Stored items:
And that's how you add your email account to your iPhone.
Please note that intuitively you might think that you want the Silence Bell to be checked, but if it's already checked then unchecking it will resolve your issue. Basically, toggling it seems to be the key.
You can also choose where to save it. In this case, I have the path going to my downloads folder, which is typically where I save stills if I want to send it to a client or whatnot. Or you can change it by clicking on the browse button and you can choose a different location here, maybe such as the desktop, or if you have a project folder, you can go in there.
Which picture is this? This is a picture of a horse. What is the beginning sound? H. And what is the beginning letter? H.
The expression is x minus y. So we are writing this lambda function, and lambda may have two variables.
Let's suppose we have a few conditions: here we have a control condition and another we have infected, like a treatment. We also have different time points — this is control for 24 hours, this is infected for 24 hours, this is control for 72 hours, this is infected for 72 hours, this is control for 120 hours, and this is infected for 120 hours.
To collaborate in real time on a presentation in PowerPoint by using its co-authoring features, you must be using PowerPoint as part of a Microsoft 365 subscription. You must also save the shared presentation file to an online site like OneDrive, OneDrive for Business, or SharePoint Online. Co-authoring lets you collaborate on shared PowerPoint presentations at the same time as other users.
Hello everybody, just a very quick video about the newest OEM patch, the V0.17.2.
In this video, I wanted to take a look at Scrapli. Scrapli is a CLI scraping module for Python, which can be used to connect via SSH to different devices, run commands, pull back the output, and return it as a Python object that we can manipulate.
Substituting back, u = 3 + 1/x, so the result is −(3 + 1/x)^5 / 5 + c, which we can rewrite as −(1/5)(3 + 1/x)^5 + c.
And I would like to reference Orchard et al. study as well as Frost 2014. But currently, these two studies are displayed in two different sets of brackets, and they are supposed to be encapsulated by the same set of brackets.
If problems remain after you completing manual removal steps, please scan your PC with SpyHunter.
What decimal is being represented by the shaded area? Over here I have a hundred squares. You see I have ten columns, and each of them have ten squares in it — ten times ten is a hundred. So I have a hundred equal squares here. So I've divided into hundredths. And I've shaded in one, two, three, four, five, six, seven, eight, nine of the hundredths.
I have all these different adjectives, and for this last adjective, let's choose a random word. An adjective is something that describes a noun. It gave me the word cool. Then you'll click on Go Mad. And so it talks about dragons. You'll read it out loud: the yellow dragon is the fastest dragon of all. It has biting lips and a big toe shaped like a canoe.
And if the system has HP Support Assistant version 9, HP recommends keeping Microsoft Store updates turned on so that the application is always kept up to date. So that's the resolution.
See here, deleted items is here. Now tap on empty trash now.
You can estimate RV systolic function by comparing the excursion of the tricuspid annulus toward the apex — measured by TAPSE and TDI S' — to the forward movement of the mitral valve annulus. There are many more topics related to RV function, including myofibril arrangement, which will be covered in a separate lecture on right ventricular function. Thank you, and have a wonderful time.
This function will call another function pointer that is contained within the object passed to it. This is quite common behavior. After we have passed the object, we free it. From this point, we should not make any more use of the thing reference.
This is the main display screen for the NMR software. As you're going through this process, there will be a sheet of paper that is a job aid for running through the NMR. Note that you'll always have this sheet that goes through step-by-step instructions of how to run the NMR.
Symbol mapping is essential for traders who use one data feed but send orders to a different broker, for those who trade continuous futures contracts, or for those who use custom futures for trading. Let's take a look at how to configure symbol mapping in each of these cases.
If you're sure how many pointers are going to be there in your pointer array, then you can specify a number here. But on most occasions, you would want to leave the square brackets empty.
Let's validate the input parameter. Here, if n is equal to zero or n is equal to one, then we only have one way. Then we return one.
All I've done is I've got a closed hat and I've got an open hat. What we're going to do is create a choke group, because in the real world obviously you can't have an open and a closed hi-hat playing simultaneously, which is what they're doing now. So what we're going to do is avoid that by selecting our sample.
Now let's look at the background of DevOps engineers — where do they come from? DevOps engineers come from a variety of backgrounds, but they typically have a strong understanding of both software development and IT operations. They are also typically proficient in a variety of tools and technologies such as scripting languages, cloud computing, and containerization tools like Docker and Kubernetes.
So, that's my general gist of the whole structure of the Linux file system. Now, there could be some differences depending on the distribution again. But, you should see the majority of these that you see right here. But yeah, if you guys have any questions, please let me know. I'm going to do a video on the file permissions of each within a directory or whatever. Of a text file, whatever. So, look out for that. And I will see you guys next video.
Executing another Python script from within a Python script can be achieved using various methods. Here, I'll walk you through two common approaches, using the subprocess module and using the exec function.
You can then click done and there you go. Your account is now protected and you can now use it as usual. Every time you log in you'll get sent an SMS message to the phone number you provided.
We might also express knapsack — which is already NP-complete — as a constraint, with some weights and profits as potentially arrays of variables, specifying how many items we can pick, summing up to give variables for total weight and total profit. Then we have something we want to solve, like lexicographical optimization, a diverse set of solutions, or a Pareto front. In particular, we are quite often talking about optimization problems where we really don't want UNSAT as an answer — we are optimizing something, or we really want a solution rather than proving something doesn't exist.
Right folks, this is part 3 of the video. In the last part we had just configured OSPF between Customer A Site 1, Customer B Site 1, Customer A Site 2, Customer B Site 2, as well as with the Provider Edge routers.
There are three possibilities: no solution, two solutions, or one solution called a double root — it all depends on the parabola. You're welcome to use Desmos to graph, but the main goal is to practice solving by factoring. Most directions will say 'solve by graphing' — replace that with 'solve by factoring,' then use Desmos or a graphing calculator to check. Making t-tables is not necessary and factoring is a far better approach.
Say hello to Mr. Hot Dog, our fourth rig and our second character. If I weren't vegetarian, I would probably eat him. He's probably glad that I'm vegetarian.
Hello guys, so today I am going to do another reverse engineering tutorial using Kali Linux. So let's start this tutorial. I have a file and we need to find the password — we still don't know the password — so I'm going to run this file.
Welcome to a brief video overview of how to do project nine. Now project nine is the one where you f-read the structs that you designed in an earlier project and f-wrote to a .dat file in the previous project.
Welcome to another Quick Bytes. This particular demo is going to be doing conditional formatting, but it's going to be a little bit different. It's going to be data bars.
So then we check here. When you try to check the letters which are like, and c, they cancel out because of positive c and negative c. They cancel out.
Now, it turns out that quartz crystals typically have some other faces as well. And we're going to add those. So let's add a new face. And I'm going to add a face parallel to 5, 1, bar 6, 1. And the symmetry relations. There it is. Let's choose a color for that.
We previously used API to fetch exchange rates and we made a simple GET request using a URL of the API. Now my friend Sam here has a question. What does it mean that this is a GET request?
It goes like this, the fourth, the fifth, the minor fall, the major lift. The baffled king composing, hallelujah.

▶ Task to carry out
Within the data above, find the lines that contain the word "pointer" and copy each of them.

▶ Solution to the problem
This function will call another function pointer that is contained within the object passed to it. This is quite common behavior. After we have passed the object, we free it. From this point, we should not make any more use of the thing reference.
If you're sure how many pointers are going to be there in your pointer array, then you can specify a number here. But on most occasions, you would want to leave the square brackets empty.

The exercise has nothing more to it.